While using a combination of technical indicators can help confirm price movements and filter out false signals, most traders opt to conduct multiple time frame analysis for additional confirmation. This method simply involves looking at the same currency pair across various time frames, from the short term 15-minute to the long-term daily or weekly charts. The reason behind this approach is that some trends are more visible on longer-term time frames. Meanwhile, some reversal signals or potential entry levels might be clearer on shorter-term time frames. With that, it helps to have both a bird’s eye view of price action then to zoom in to determine exact entry or exit levels for a trade.
In this example, the daily time frame of the currency pair is showing a very clear trend but it can be difficult to determine precise entry points for a long trade simply based on this chart.
Zooming in to the 1-hour time frame of the same currency pair can be helpful in pinpointing possible Fibonacci retracement levels or breakouts of nearby inflection points, which would confirm that the ongoing trend will continue.
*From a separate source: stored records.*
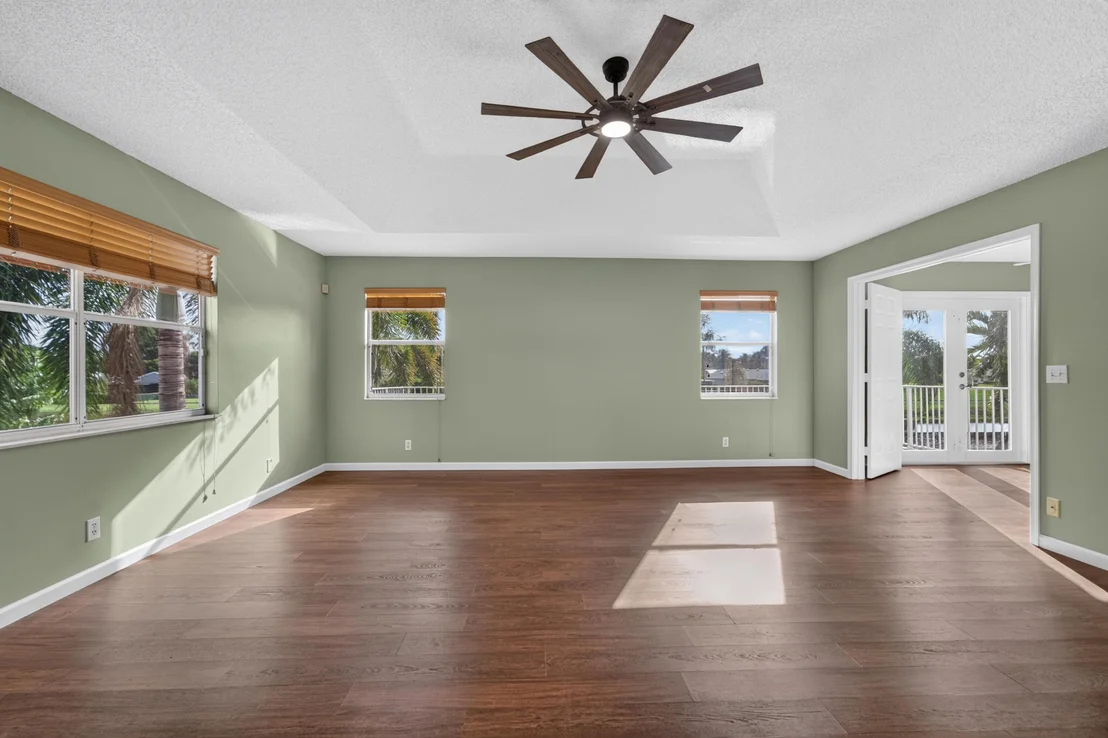 Photo of 5581 Descartes Circle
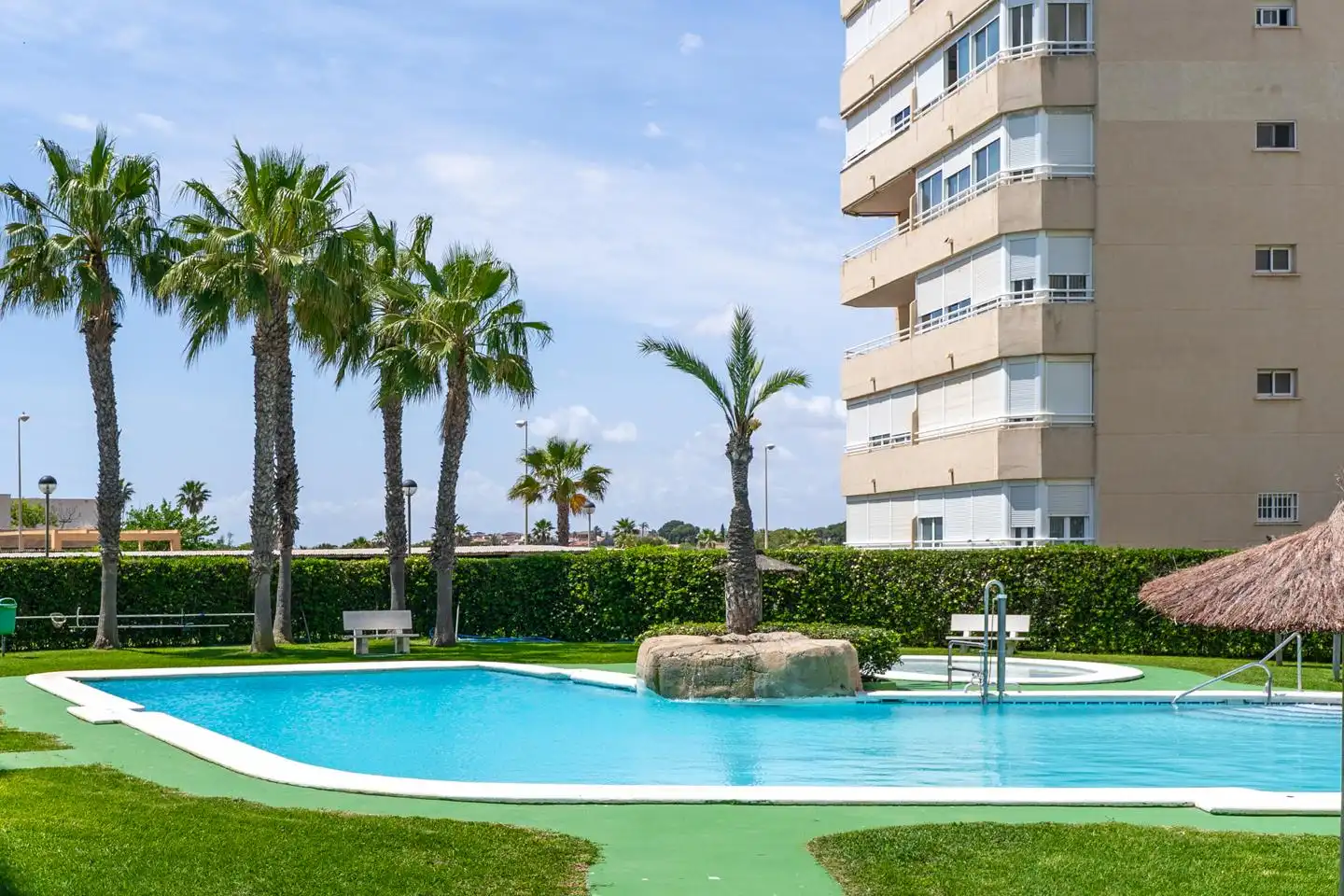 Piscina de Planta baixa en venda en Alicante / Alacant amb Aire condicionat, Terrassa i Piscina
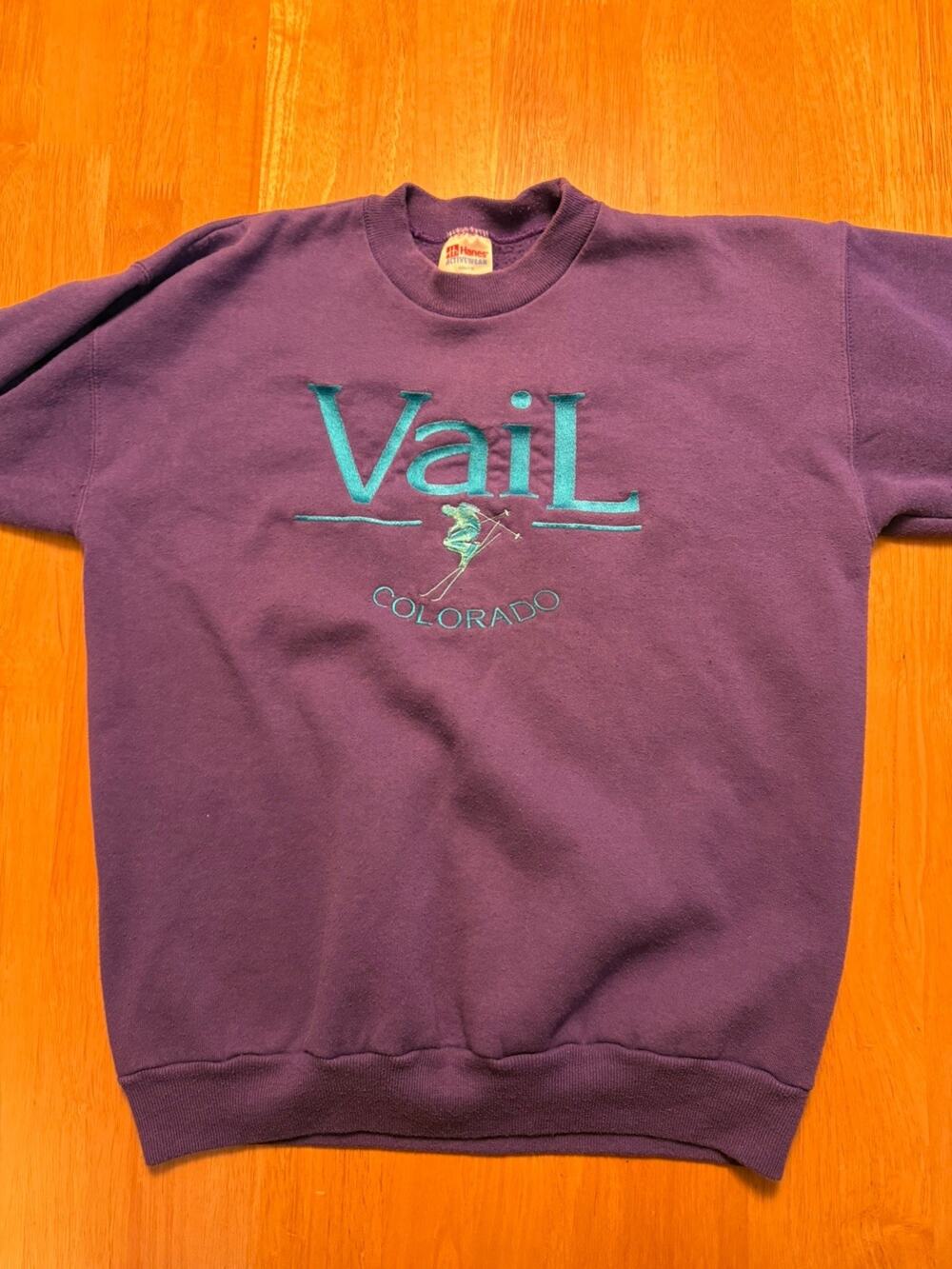Vintage Vail Colorado Ski Sweatshirt Mens M Purple Hanes Embroidered 90sCrewneck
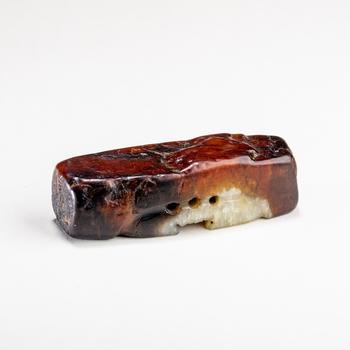 紅沁玉琴具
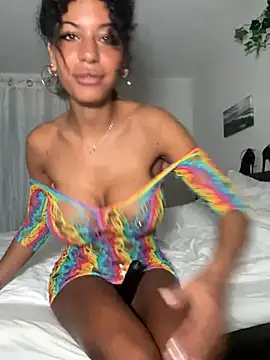 Snapshot of AlyssaHottv_ chatting on 10-18-25, 10:56 AlyssaHottv online show from 10-18-25, 10:56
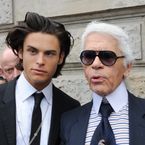 Baptiste Giabiconi : son émouvant hommage à Karl Lagerfeld, son "ange gardien"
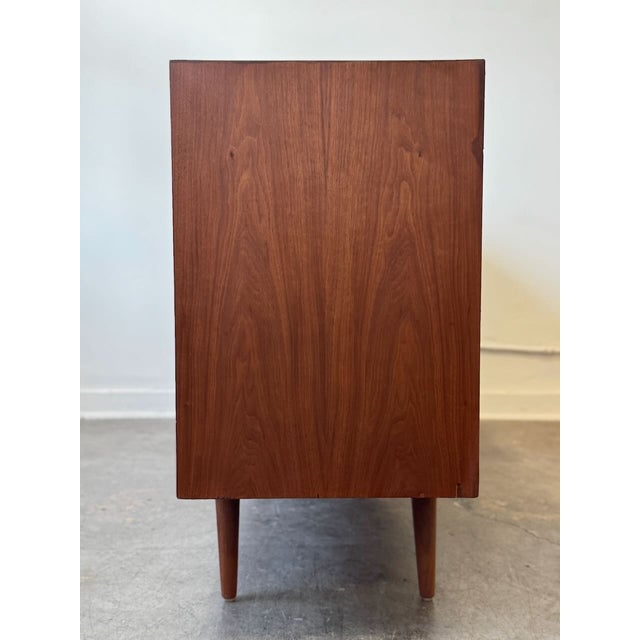 Brown 1960's Low Dresser Attr. To Stanley Young for Glenn of Ca For Sale - Image 8 of 13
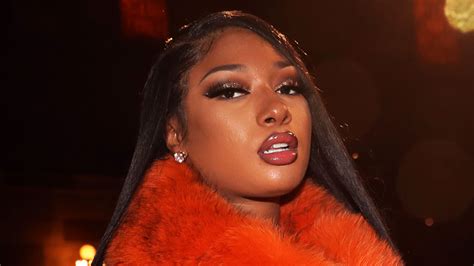 Megan Thee Stallion Tears Up Over Gunshot Wounds It Was The Worst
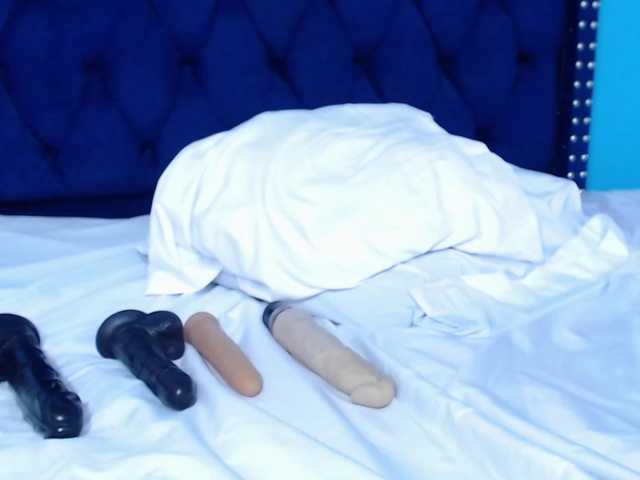 Live sex webcam photo for tiny-whore #277334575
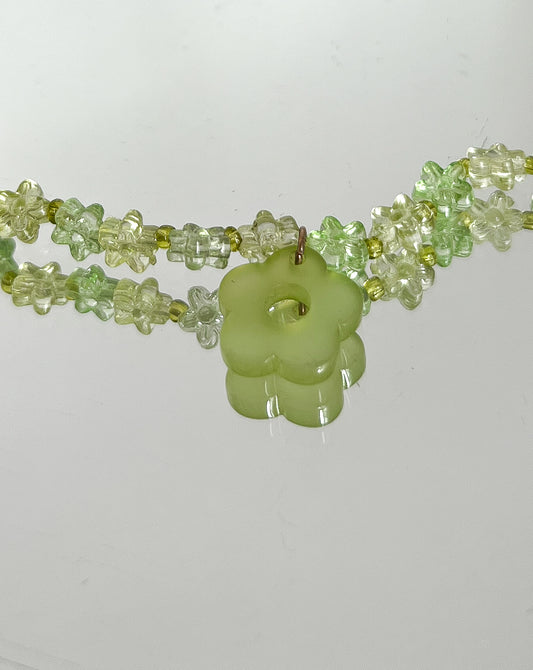 MARTHE - Green flower necklace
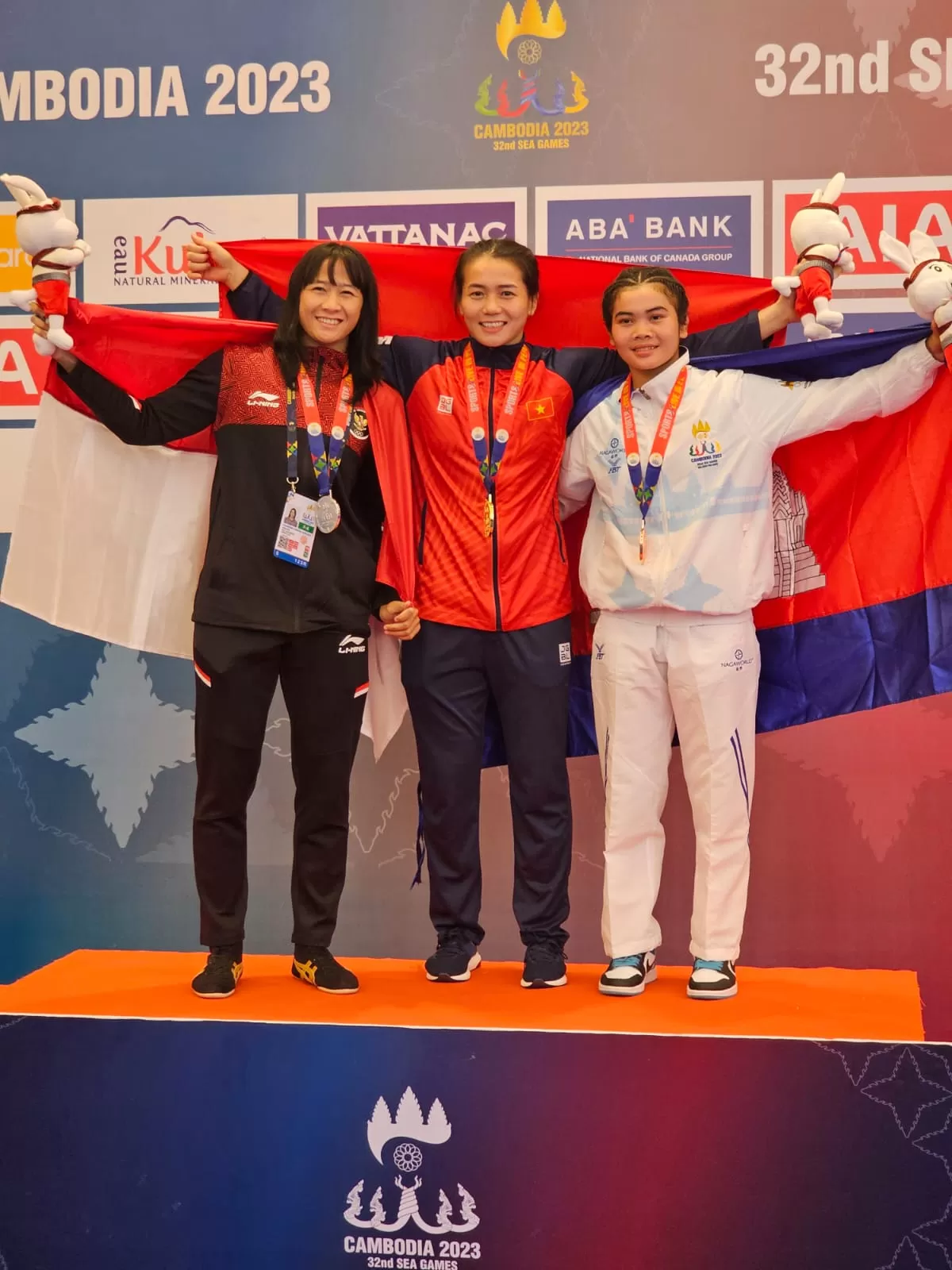 Timnas gulat Indonesia di SEA Games ke-32 berhasil merebut 6 medali emas, 6 medali perak, dan 2 medali perunggu. Suatu pencapaian yang luar bisa. (Foto Istimewa)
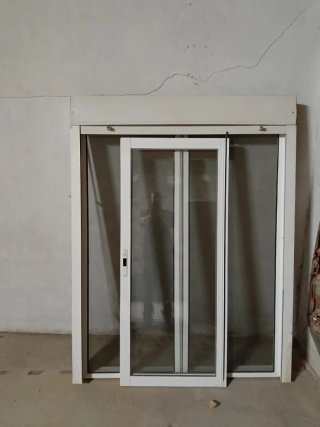 Ventana con Persiana y Mosquitera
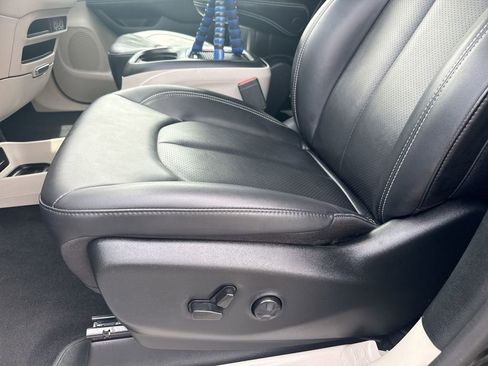 Used 2024 Chrysler Pacifica Touring-L FWD image 11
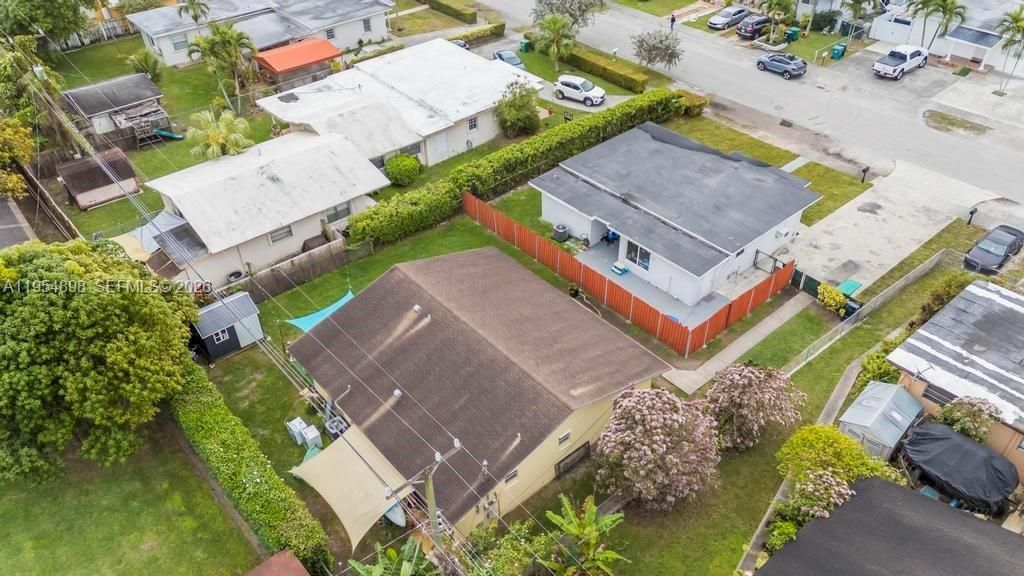 9435-9437 SW 39th St, Miami, FL 33165 Photo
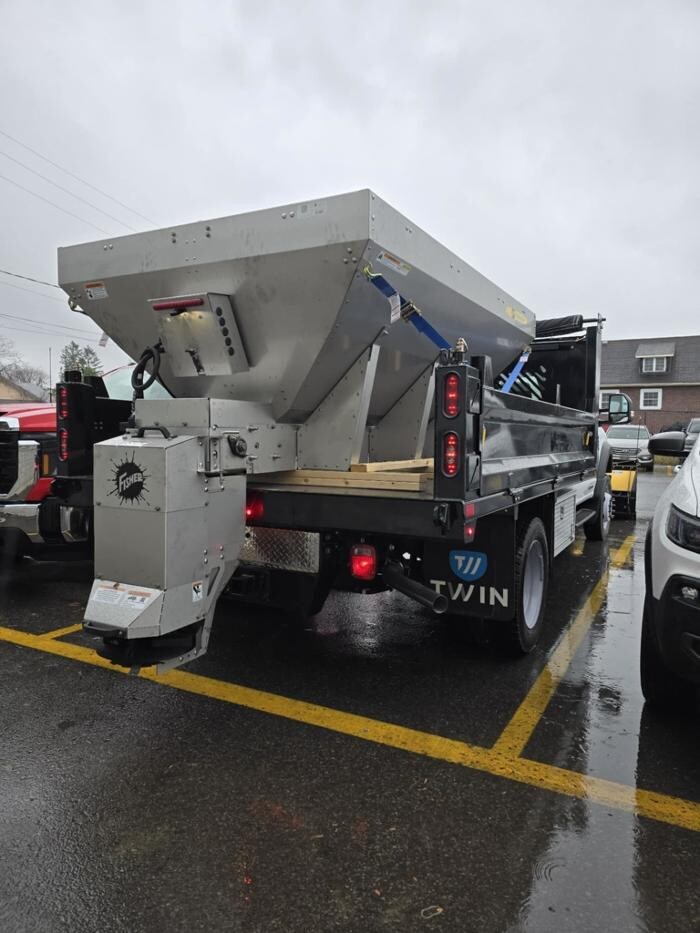 Images Stittsville Trailer & Auto Sales Inc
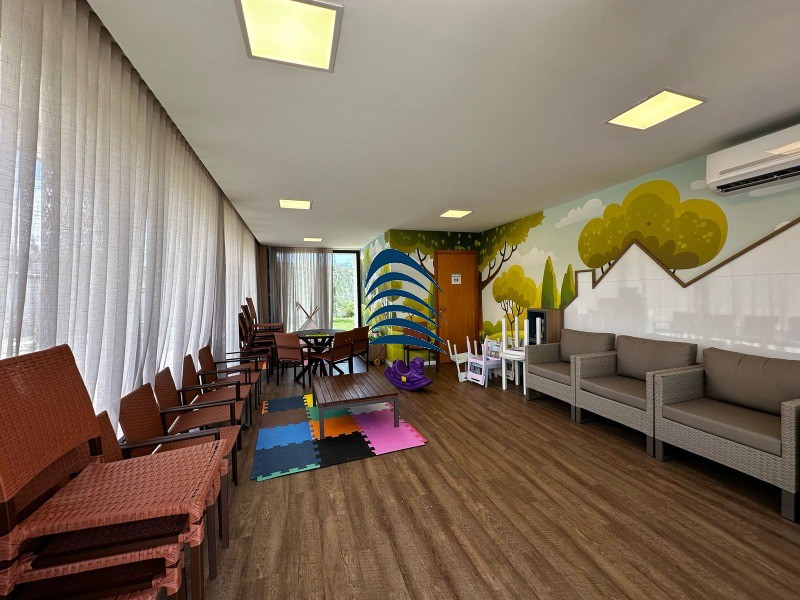 Casa, 4 quartos, 246 m² - Foto 2
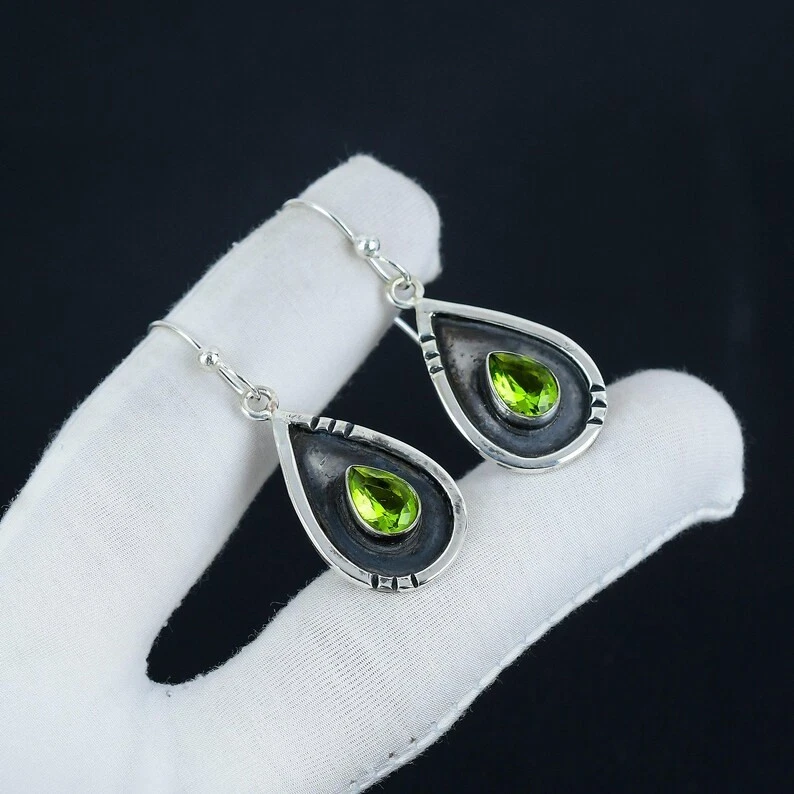 925 Sterling Silver Green Peridot Gemstone Handmade Jewelry Earring Size-1.5" - Image 1 of 4
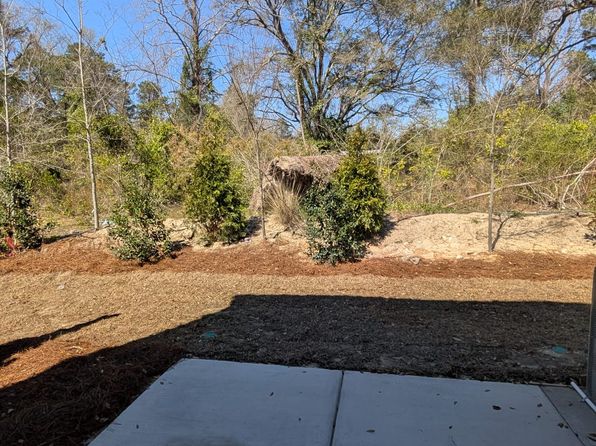 210 Hessary Ln, Lexington, SC 29073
There are no definite rules that state which time frames you should look at, as you have to determine this based on your trading style or what works for you. If you are a swing trader, you might be more comfortable looking at the daily chart and the 4-hour chart. If you’re a scalp trader, you might want to watch the 1-hour chart then zoom in to the 15-minute time frame. Some traders find price action longer-term time frames too slow and they’d rather take quick moves with tight stops based on short-term time frames. Other traders are not too comfortable about fast price movements on minute charts so they’d rather trade the long-term charts and hold on to their trades for days or weeks. Of course there are a few advantages and disadvantages to favoring certain time frames. For instance, the advantage of sticking to longer-term charts is that it allows the trader to maintain his bias without having to check intraday charts every now and then. The disadvantage, however, is that this approach generates fewer trade signals. On the other hand, the advantage of looking at shorter-term time frames is that the trader is able to spot several trade opportunities very often. However, transaction costs for these trades could pile up and eat part of the profits. This also requires the trader to be flexible and able to change biases quickly. Another factor to consider, apart from one’s trading style, when it comes to deciding which time frames to trade is capital. Trading shorter-term charts usually requires lower margin while longer-term trades may require a bigger account to avoid getting a margin call.